Staying away from grains may initially cause discomfort and the blues as part of the withdrawal process, but supporters swear by experiencing substantial mood lift from going grain-free. While there is yet to be substantial evidence for this, the theory is that certain proteins in grains inhibit feel-good hormones in the brain. When these foods are eliminated from your system, there could be an increase in serotonin, the feel-good hormone.

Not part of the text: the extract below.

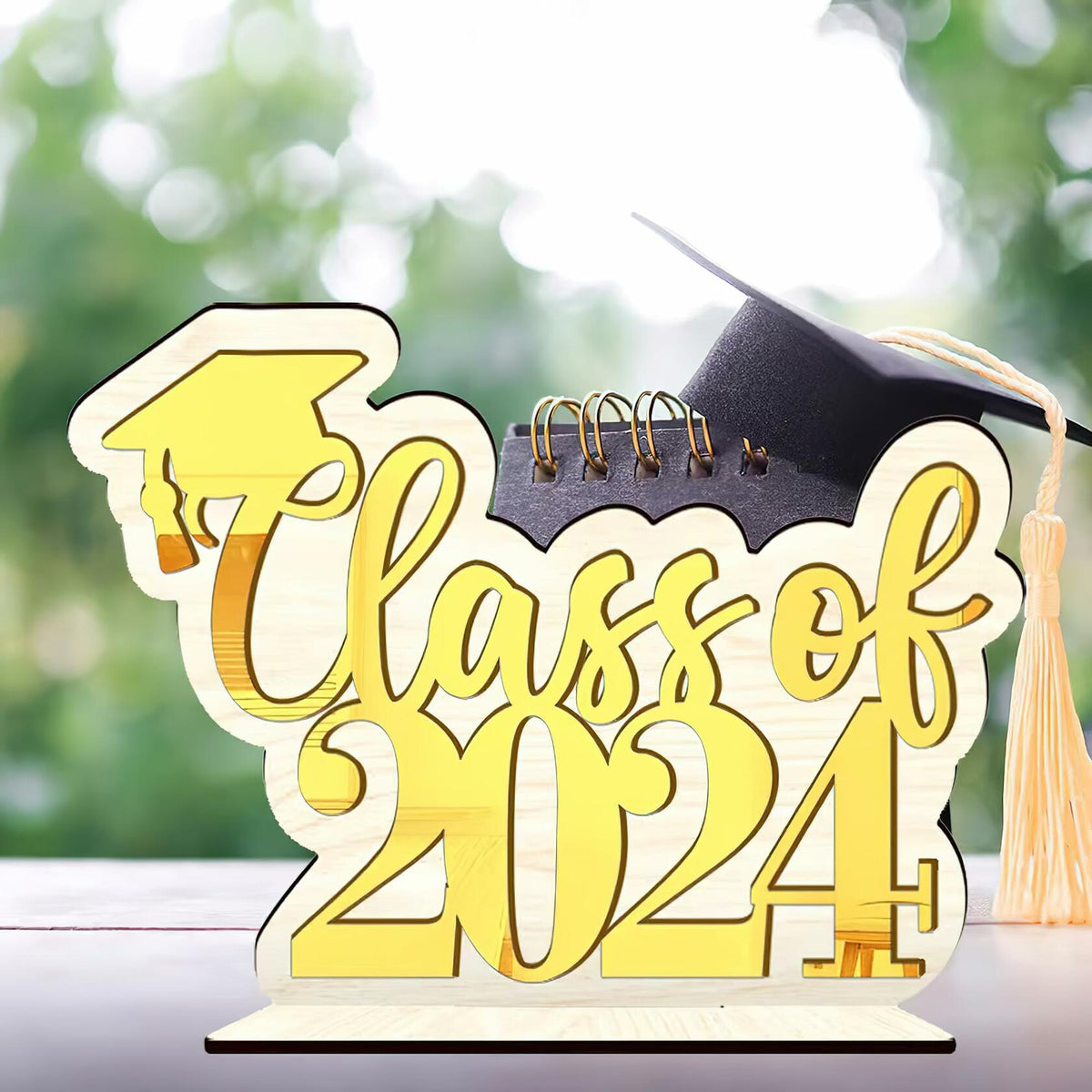 Graduation Decorations Class of 2024 Gold Centerpiece Desktop Ornament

As with anything, there are drawbacks. Here are some of the health risks associated with going grain-free:
Grains supply us with a good amount of fibre, which aids in the digestive tract processes. Foregoing grains in your daily intake may cause constipation, especially if you do not replace the lost fiber with other high-fibre foods like vegetables, legumes and fruits.
Low energy levels
Another common side effect of a grain-free diet is low energy levels since grains are one of the main sources of carbohydrates. Slashing your carbs intake could result in fatigue. That said, if you replace the grain-sourced carbohydrates with other alternatives from veggies and healthy fats, you could regain previous energy levels.
Skipping grains mean that you are missing out on important minerals like iron, magnesium, and selenium. Yes, these minerals can be found in other sources, such as nuts and spinach, but if you are not able to consume enough to fill your needs, you could end up being deficient in these components and experience anaemia and chronic headaches.
There are pros and cons linked to going grain-free, and if you have a gluten sensitivity or digestive issues, this would be a prime regimen to try out. But for the majority of people, cutting out grains completely may not be necessary.
A better plan is to swap refined grains and wheat with other healthier options like quinoa, brown rice and complex carbohydrates from vegetables.
By just avoiding highly processed wheat products that have little nutritional benefit, you’re already doing yourself a huge favour health-wise.
Now, this will not be a walk in the park for those used to eating carbs. Preparation, planning, and dedication are crucial to bumping up the quality of your food.
And as always, moderation and a well-balanced diet can give your body the optimal nutrition it needs, even if you don’t totally go grain-free.
Now you know what you should do. Going grain-free is not everything, what is important is keeping yourself healthy at all times.